The name Lepreau is of French origin and is likely a derivative of, la pereau, for “little rabbit.” The contemporary spelling has prevailed since the mid-nineteenth century. William Francis Ganong explored the area extensively.
Ganong was a member of numerous scientific and scholarly societies including the Natural History society of New Brunswick. He had published a considerable number of articles and works including a translation of Champlain’s “Voyages to Acadia and New England” as well as writing on cartography, botany, physiography and nomenclature.
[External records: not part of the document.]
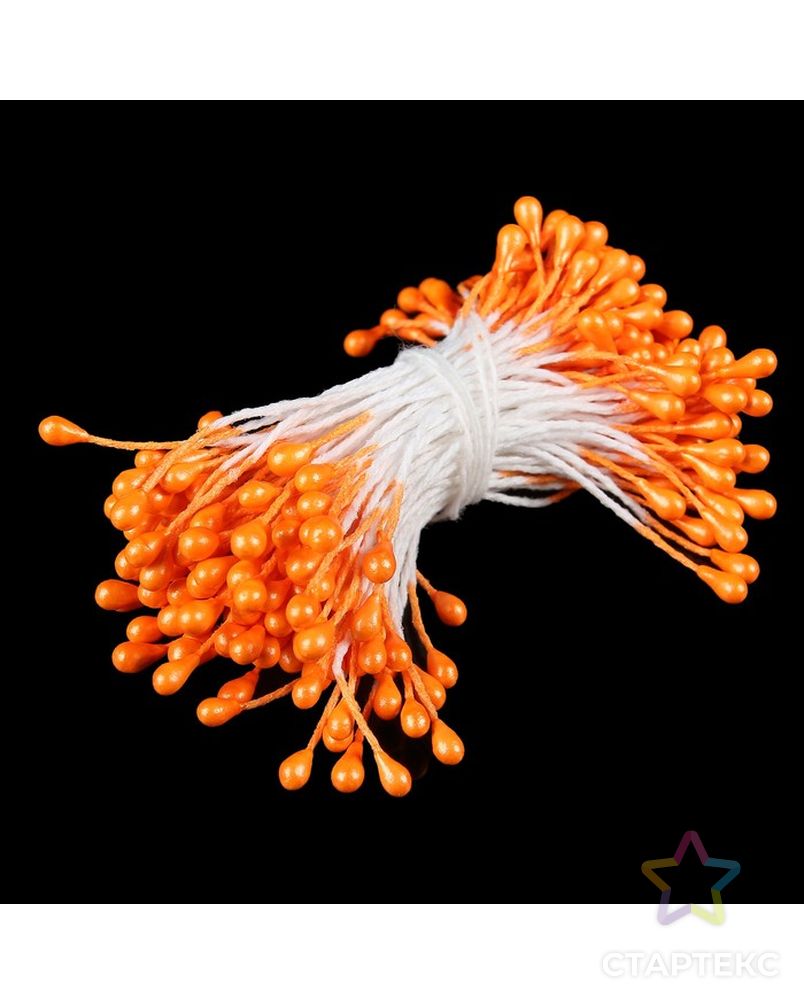 Тычинки для искусственных цветов "Капельки ярко-оранжевые" (набор 130 шт) длина 6 см арт. СМЛ-8060-1-СМЛ3225220 1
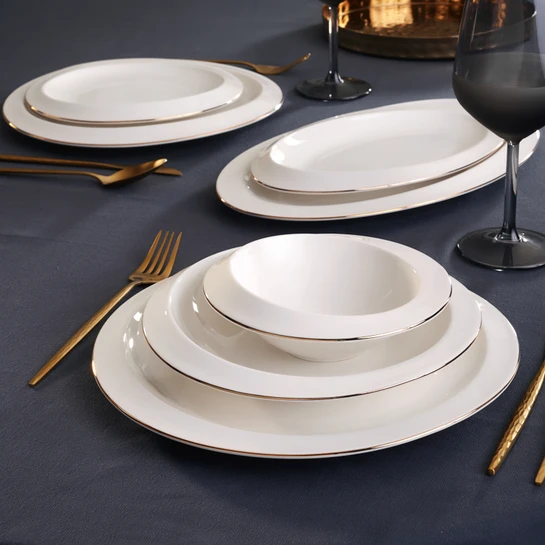 Karaca Streamline Horizon Porselen 27 Parça 6 Kişilik Yemek Takımı Gold 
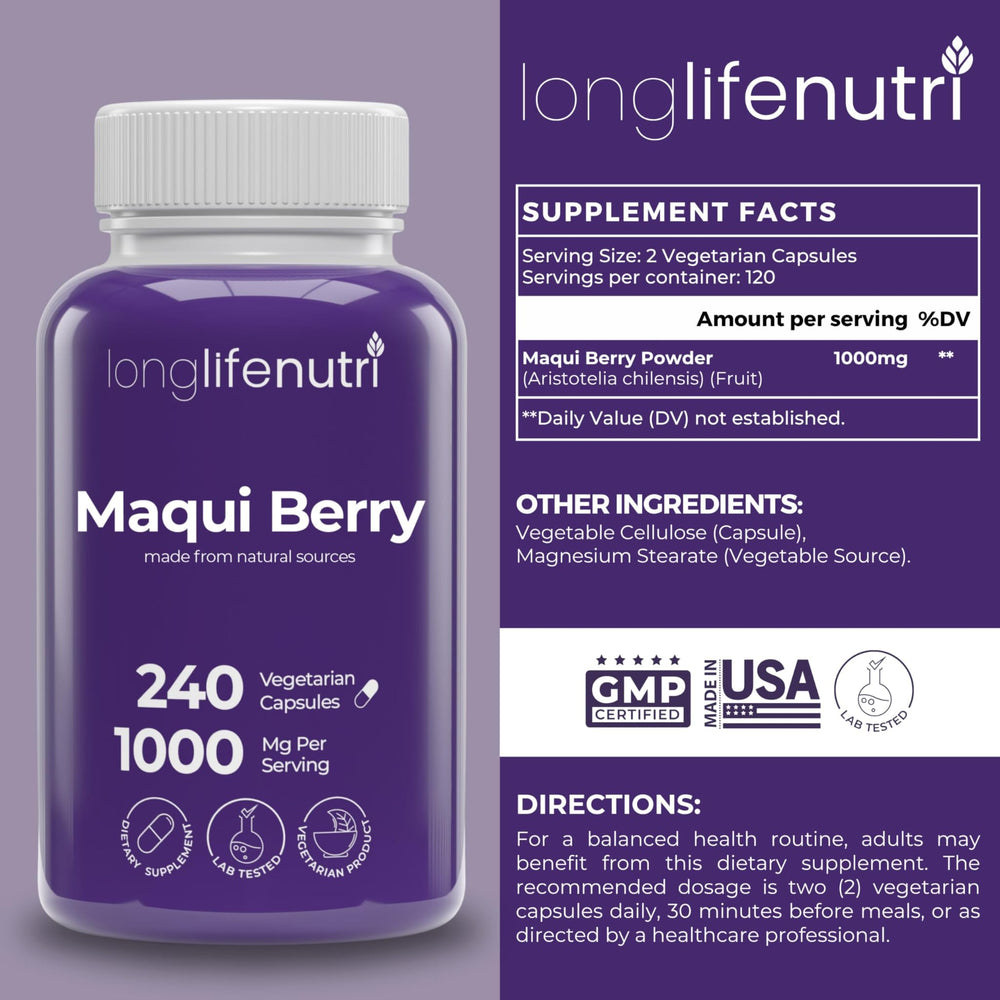 LongLifeNutri Maqui Berry capsules close-up, showcasing vegan, non-GMO formula.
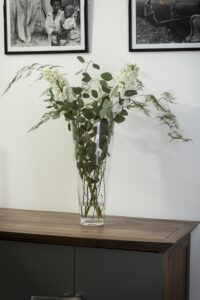 wave glass vase - clear - large handmade vase - shown with white flowers and foliage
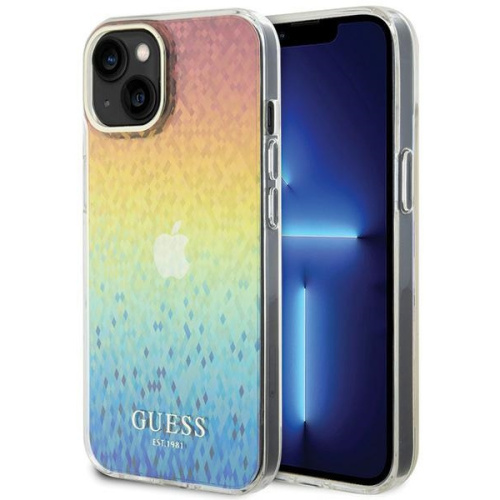 Guess Distributor - 3666339172312 - GUE2837 - Guess GUHCP15SHDECMI Apple iPhone 15 hardcase IML Faceted Mirror Disco Iridescent multicolor - B2B homescreen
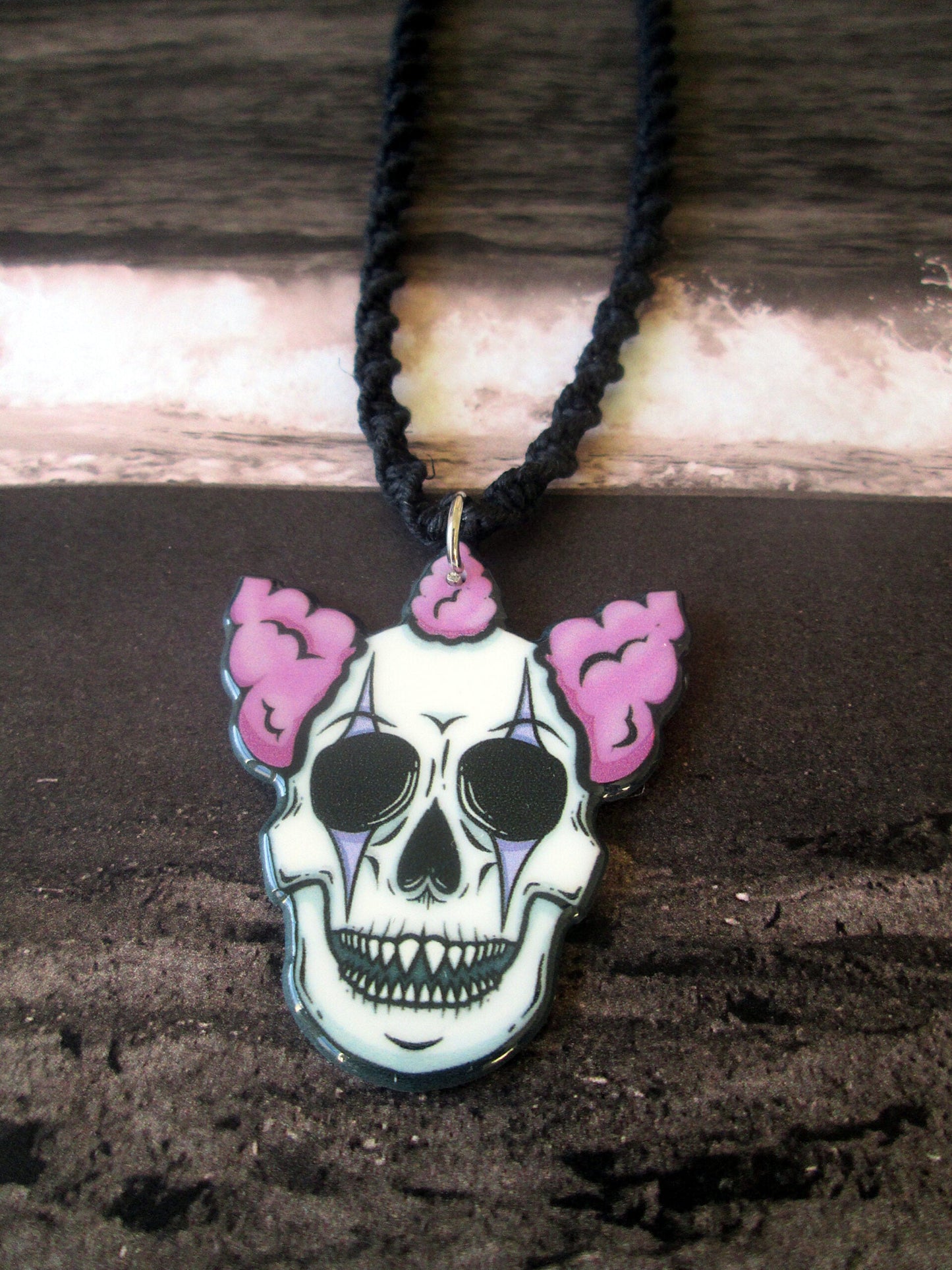 Twisted Creepy Clown Skull Necklace, Handmade Black Hemp Halloween Jewelry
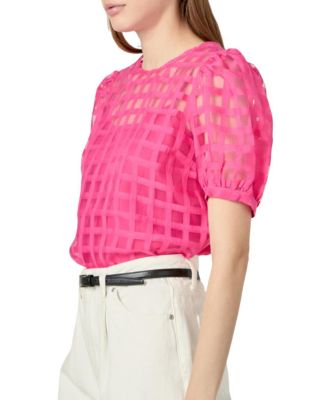 Women's Plaid Sheer Puff Sleeve Top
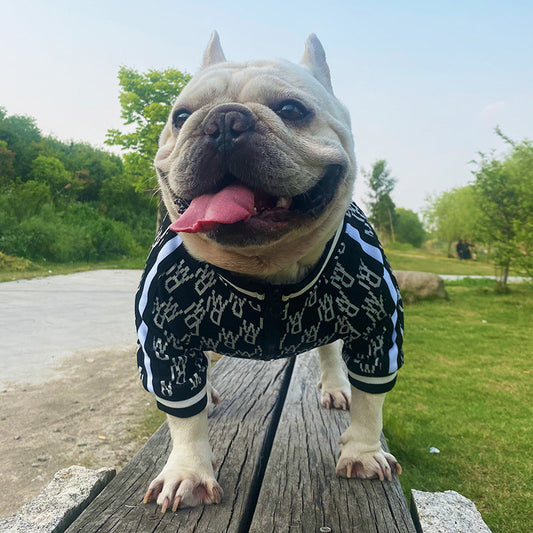KFX-3718973 Stretchy Zip-Up Dog Jacket for All Sizes - Leisure Pet Clothing in Black and White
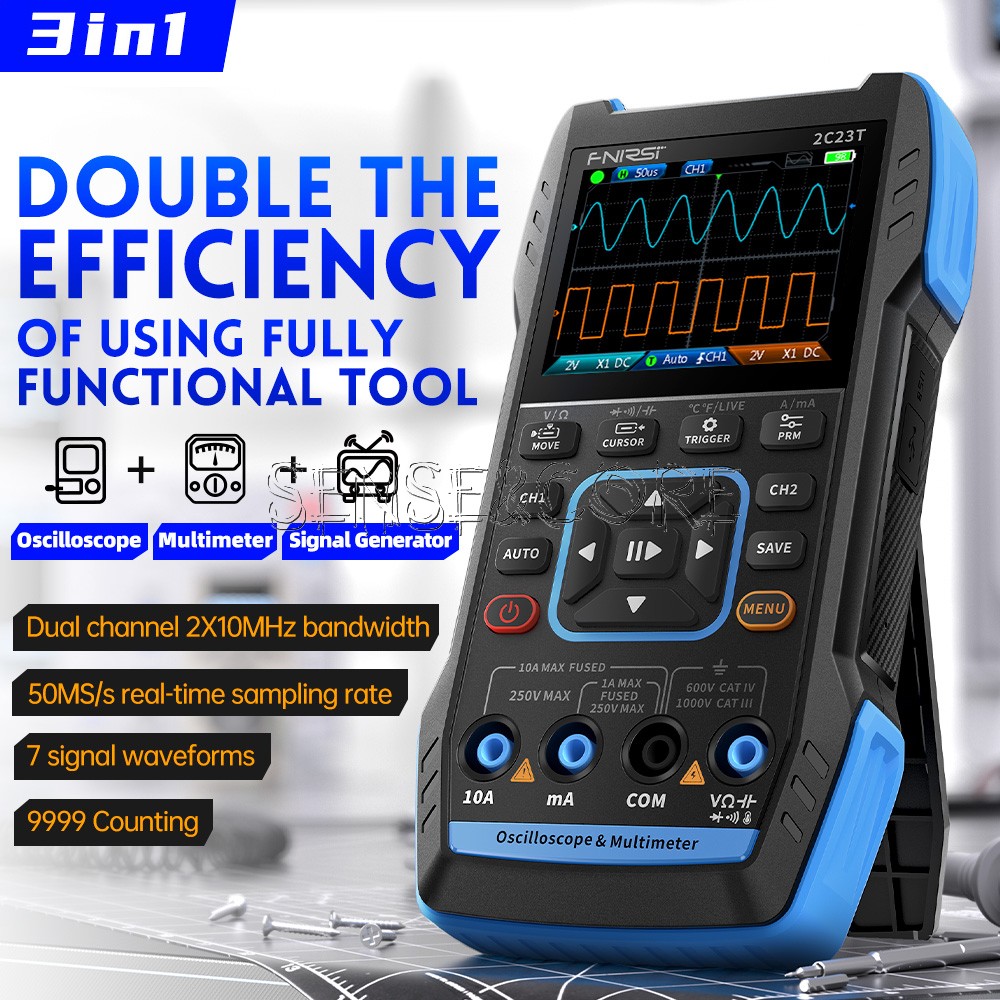 FNIRSI 2C23T 3-in-1 Digital Oscilloscope Multimeter Function Signal Generator US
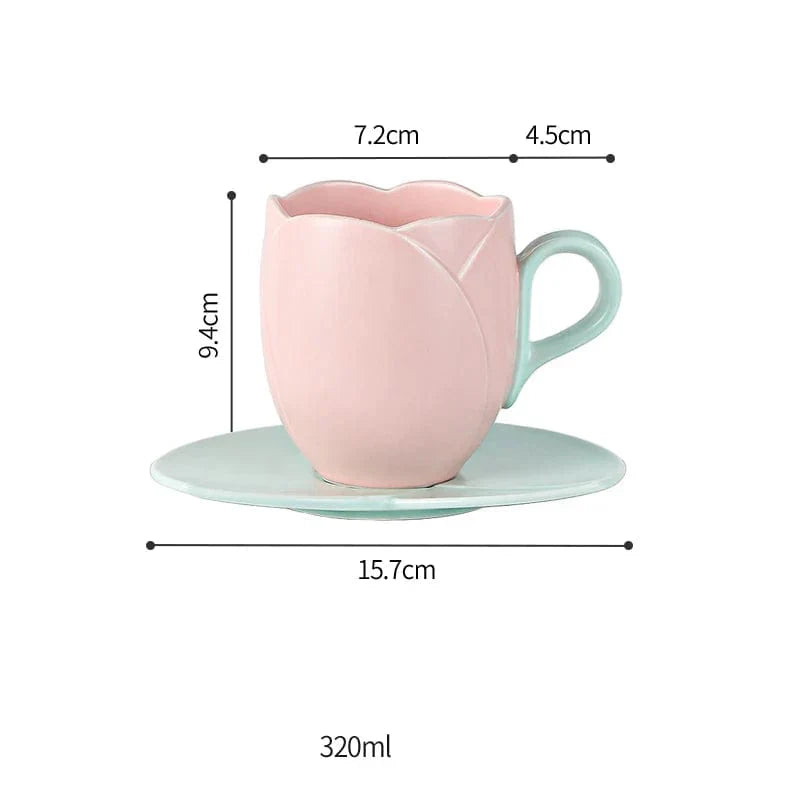 Tulip Ceramic Coffee Cup Saucer Set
By the late nineteenth and early twentieth centuries most of the interior topography of New Brunswick had not yet been completely surveyed. Driven by a great affection for his home province, Dr. William Francis Ganong (1864-1941) explored and documented many of these aspects of New Brunswick. Part of his invaluable recording is the photographs that he took as memory aids from the long, and often arduous, canoe trips that he undertook. At this period, amateur photography was in its infancy and Ganong took advantage of the portable camera and roll film that were just being made available to the general public. What could not be controlled however, were the upset canoes, dampness and erratic lighting conditions that inevitably give the images a sometimes less than ideal presentation. More importantly though, these small glimpses of captured light provide the earliest and most complete visual documentation of a region just prior to its transformation by modern industry.
Ganong had a great love for New Brunswick and a keen interest in both its history and natural history. By the age of seventeen, he started serious, first-hand explorations of the rivers and coastal areas as well as the flora and fauna of the province, frequently charting his own maps. Those explorations continued throughout his life.